_WORK INSTRUCTIONS_.
Please write out only the lines from the one containing "Позняки, автобусы, эвакуация" through the last line of the listing. Do not include pictures.

_PROVIDED RECORDS_.
= = = =
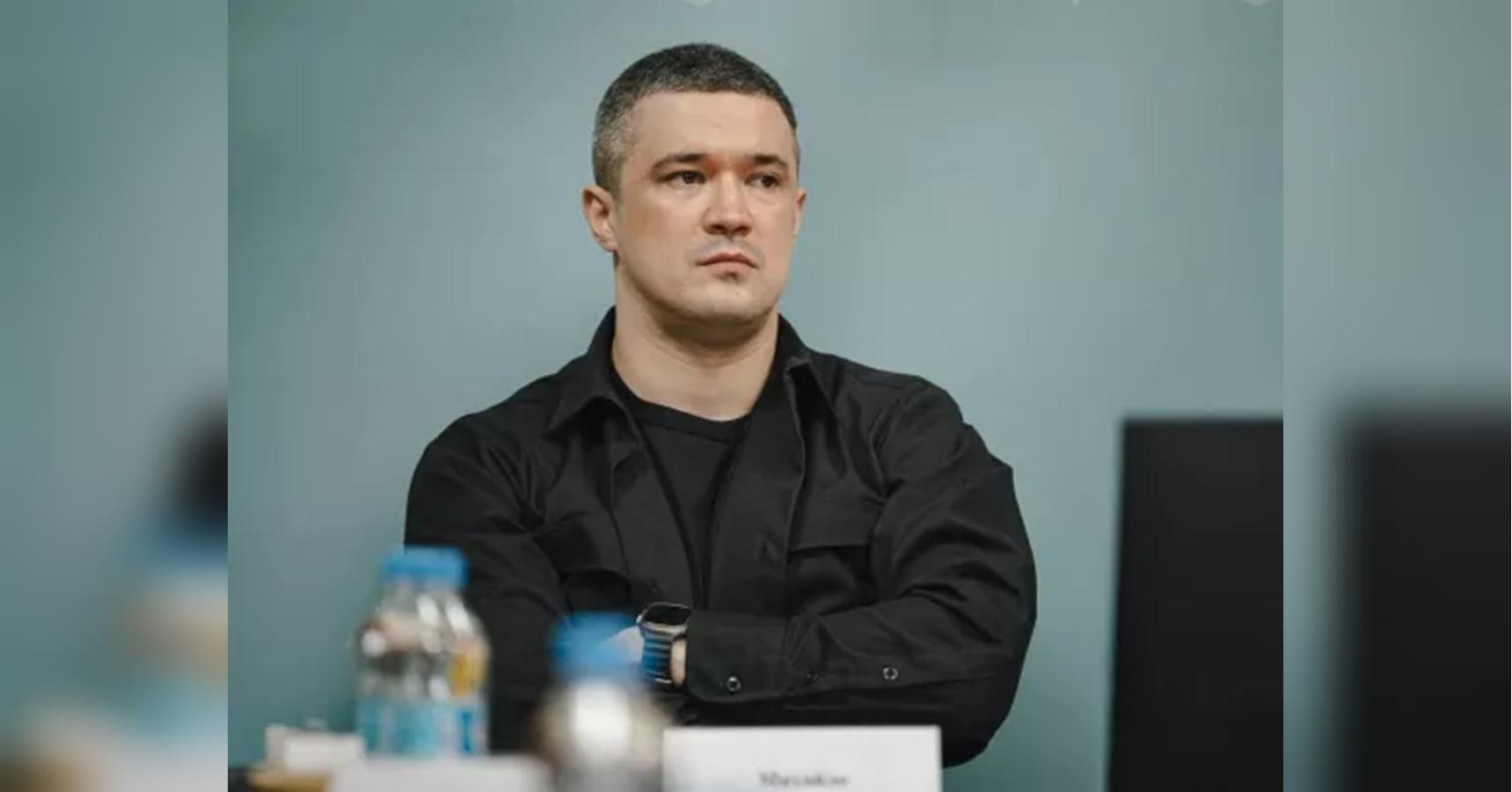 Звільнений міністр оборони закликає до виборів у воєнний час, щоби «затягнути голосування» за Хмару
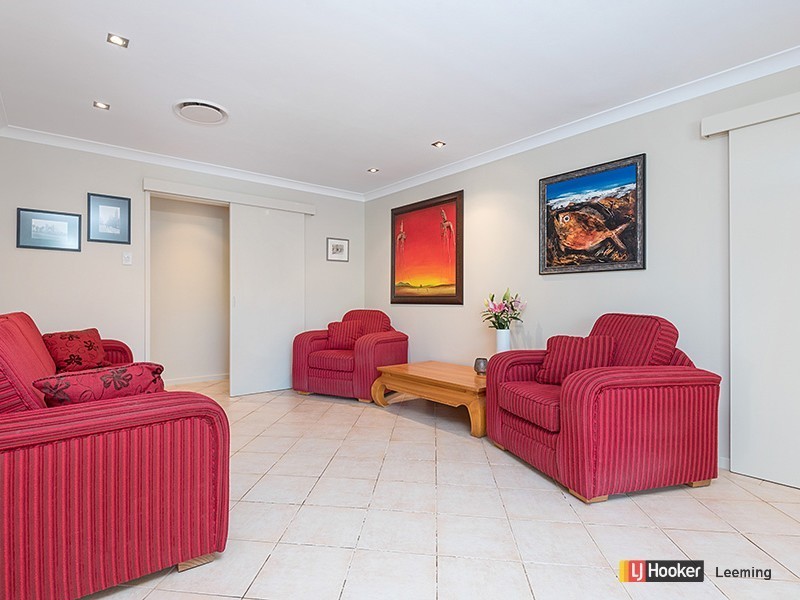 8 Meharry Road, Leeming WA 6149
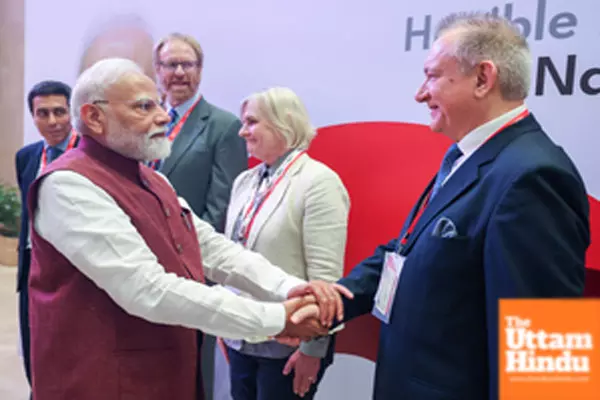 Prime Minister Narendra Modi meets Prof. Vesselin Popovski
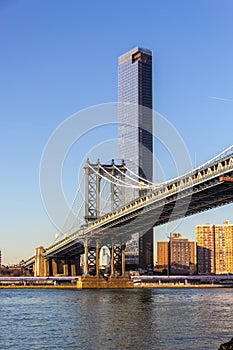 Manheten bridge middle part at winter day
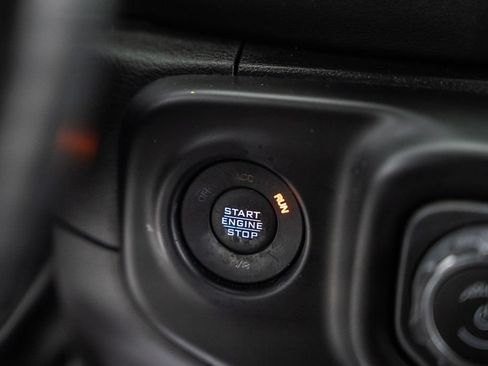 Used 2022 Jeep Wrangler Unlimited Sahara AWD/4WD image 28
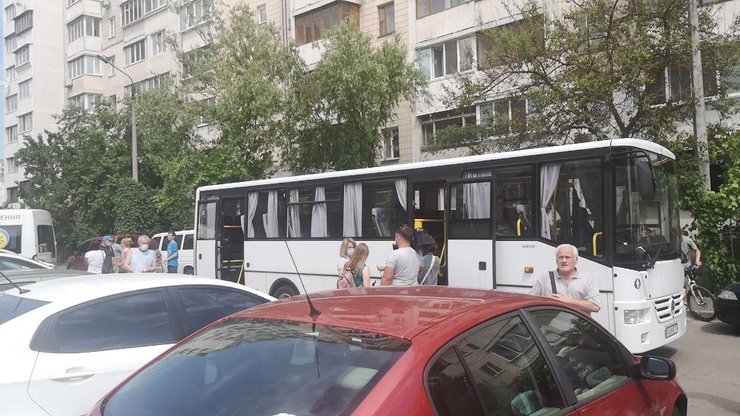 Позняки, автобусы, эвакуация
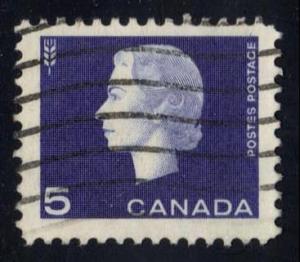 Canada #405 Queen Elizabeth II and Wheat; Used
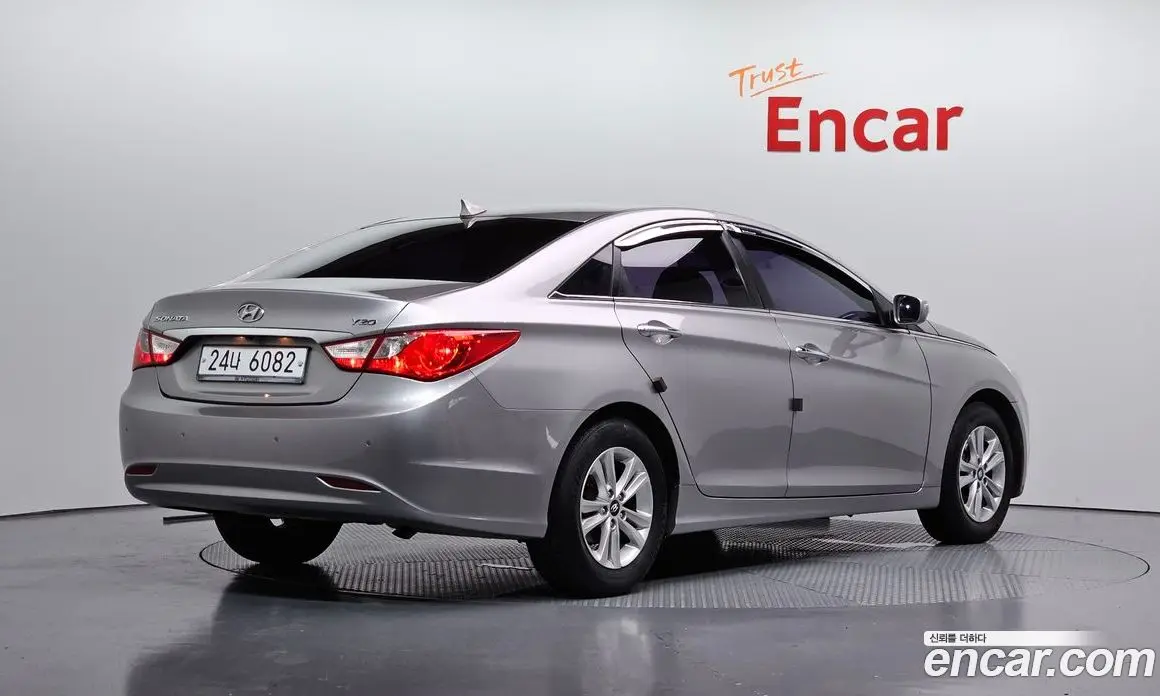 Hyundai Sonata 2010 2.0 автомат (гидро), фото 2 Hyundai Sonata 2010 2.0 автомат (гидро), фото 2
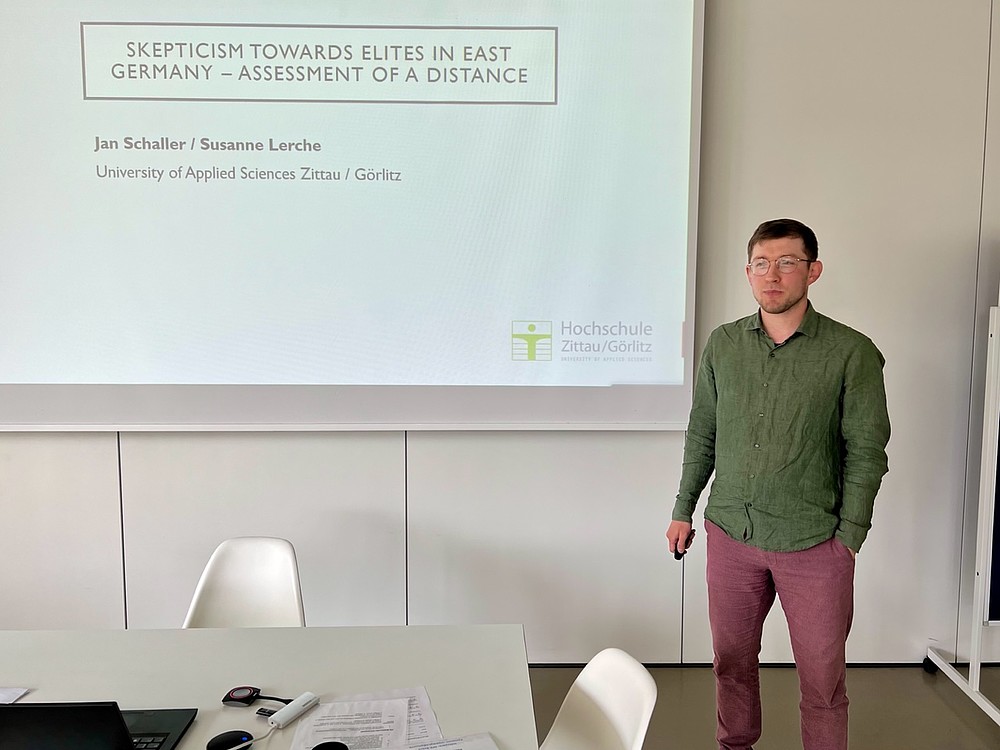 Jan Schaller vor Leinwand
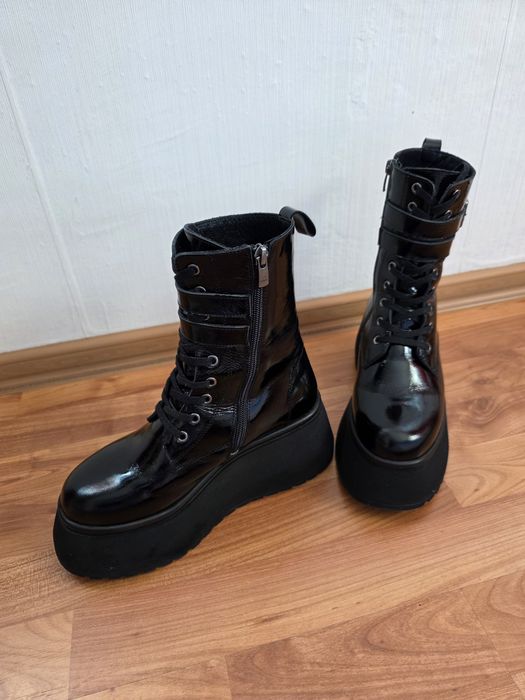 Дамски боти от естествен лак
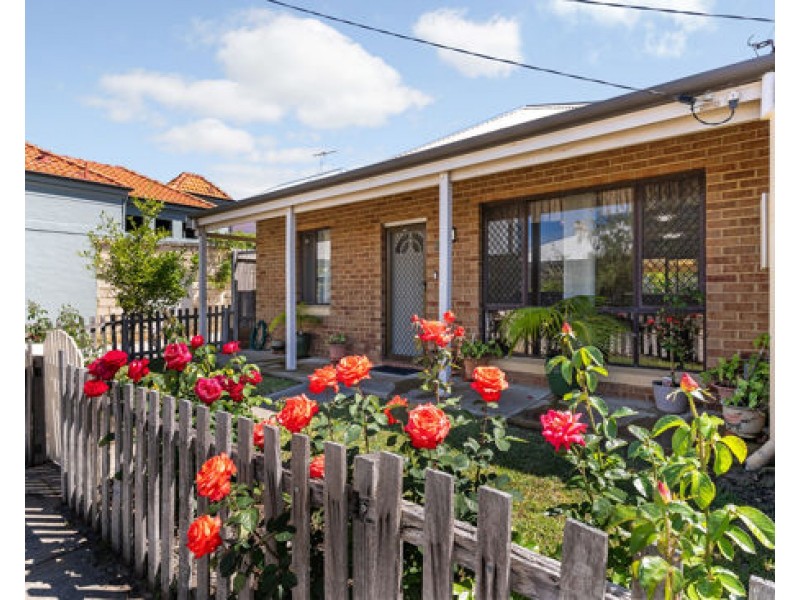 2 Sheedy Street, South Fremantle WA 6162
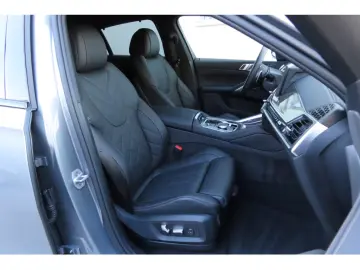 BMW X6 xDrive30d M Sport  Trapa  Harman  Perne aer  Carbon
= = = =
_ANSWER BOX_.
 Позняки, автобусы, эвакуация
 Canada #405 Queen Elizabeth II and Wheat; Used
 Hyundai Sonata 2010 2.0 автомат (гидро), фото 2 Hyundai Sonata 2010 2.0 автомат (гидро), фото 2
 Jan Schaller vor Leinwand
 Дамски боти от естествен лак
 2 Sheedy Street, South Fremantle WA 6162
 BMW X6 xDrive30d M Sport  Trapa  Harman  Perne aer  Carbon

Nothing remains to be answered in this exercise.